ASSIGNMENT:
Nothing but the lines from the one containing "Komoditas Rempah Sumut" through the last line of the records below should be copied, exactly and without pictures.

:::::

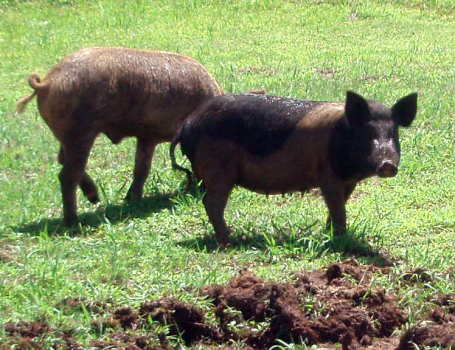 pigs pigs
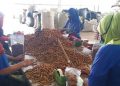 Komoditas Rempah Sumut Makin Laris di Pasar Global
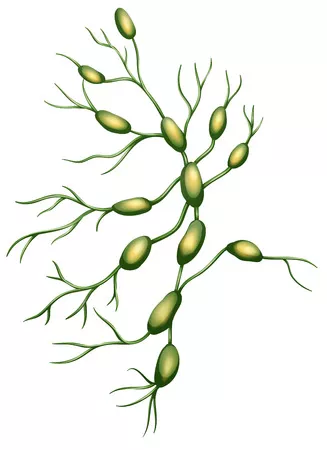 Lymph Nodes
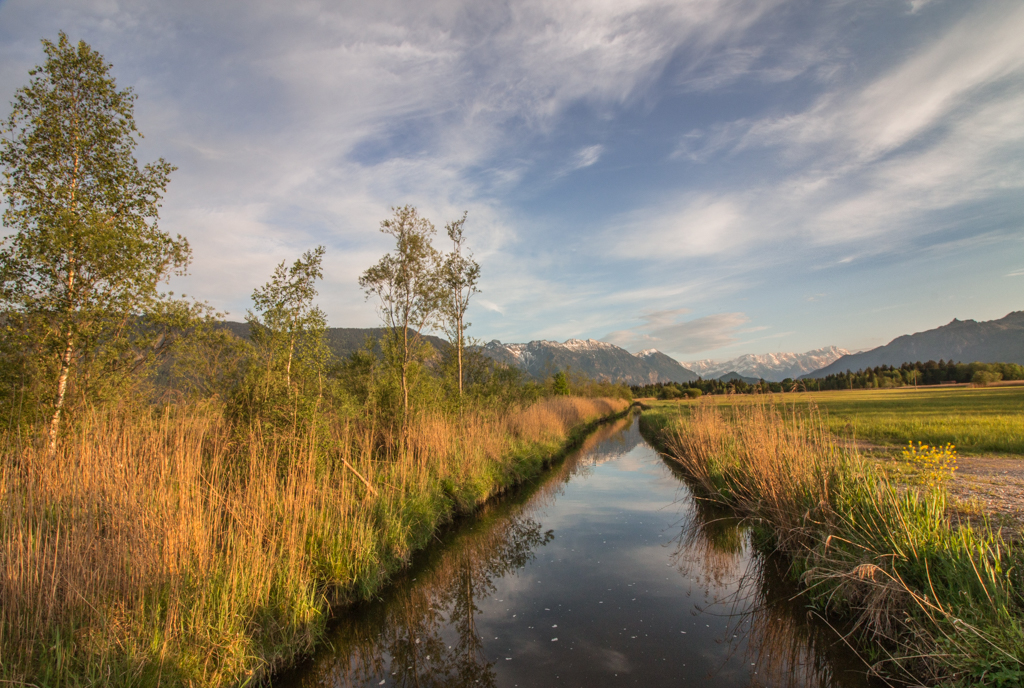 Abendsonne im Murnauer Moos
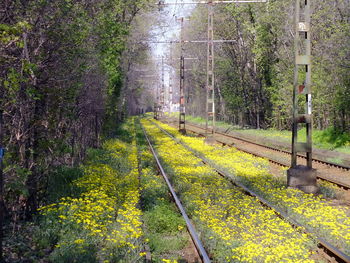 View of railroad track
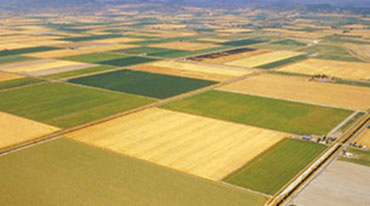 Aerial view of cropland. 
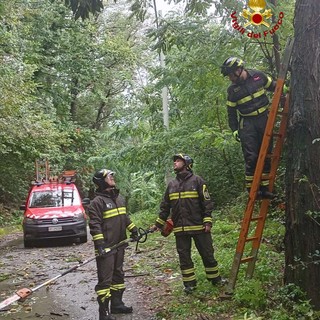 Maltempo a Genova, albero crolla in via Negrotto Cambiaso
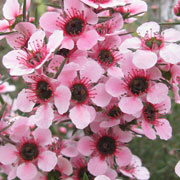 Leptospermum scoparium 'Martinii' Leptospermum scoparium 'Martinii'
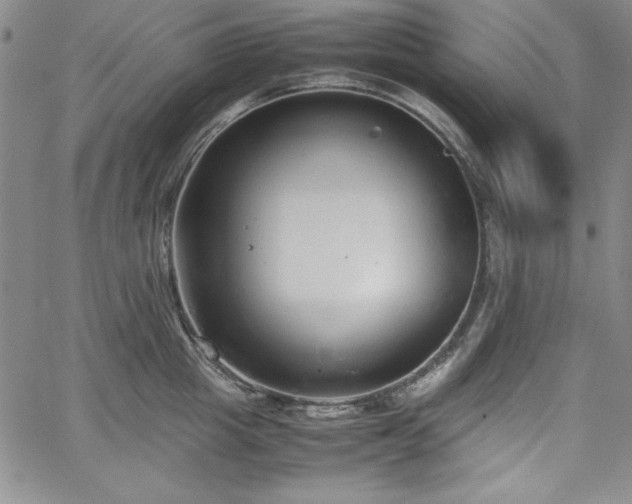 X0000067830857200604131159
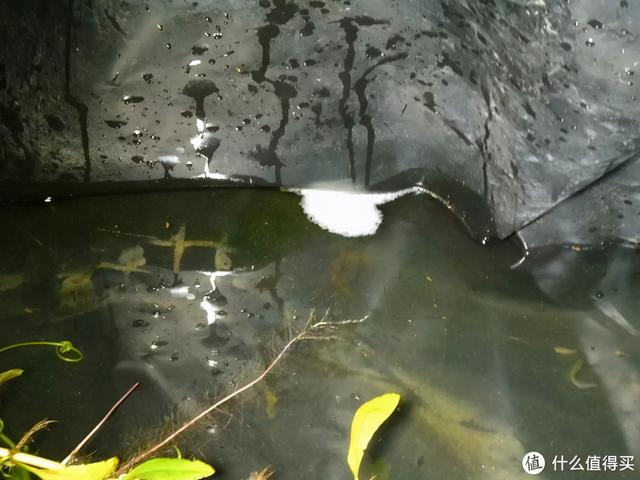 大蜗牛制砂机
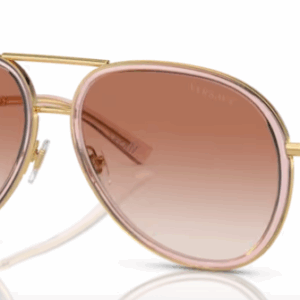 Versace VE 2260 100213 Brown/ Pink Gradient Oval Men's Sunglasses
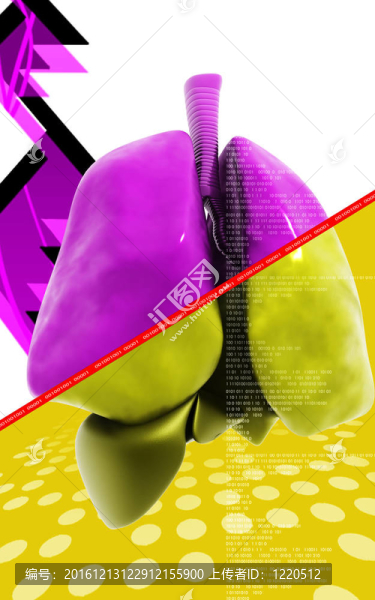 人的肺-匯圖網(wǎng) www.fosd68.com 人的肺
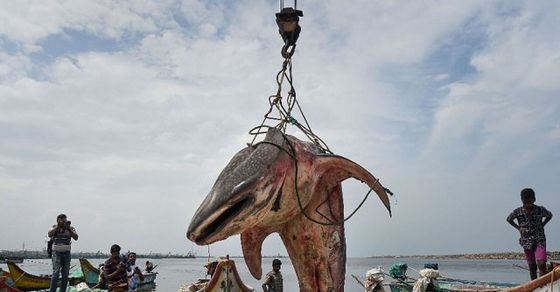 Photos च न नई सम द र तट पर म त म ल 19 5 फ ट व ह ल श र क Photos Whale Shark Washed Ashore Near Royapuram Fishing Harbour In Chennai Dies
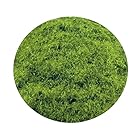 グリーンスタッフワールド スタティックグラス2-3mm 春の草(200ml) ホビー用素材 GSWD-11144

:::::

PROBLEM SOLUTION:
 Komoditas Rempah Sumut Makin Laris di Pasar Global
 Lymph Nodes
 Abendsonne im Murnauer Moos
 View of railroad track
 Aerial view of cropland. 
 Maltempo a Genova, albero crolla in via Negrotto Cambiaso
 Leptospermum scoparium 'Martinii' Leptospermum scoparium 'Martinii'
 X0000067830857200604131159
 大蜗牛制砂机
 Versace VE 2260 100213 Brown/ Pink Gradient Oval Men's Sunglasses
 人的肺-匯圖網(wǎng) www.fosd68.com 人的肺
 Photos च न नई सम द र तट पर म त म ल 19 5 फ ट व ह ल श र क Photos Whale Shark Washed Ashore Near Royapuram Fishing Harbour In Chennai Dies
 グリーンスタッフワールド スタティックグラス2-3mm 春の草(200ml) ホビー用素材 GSWD-11144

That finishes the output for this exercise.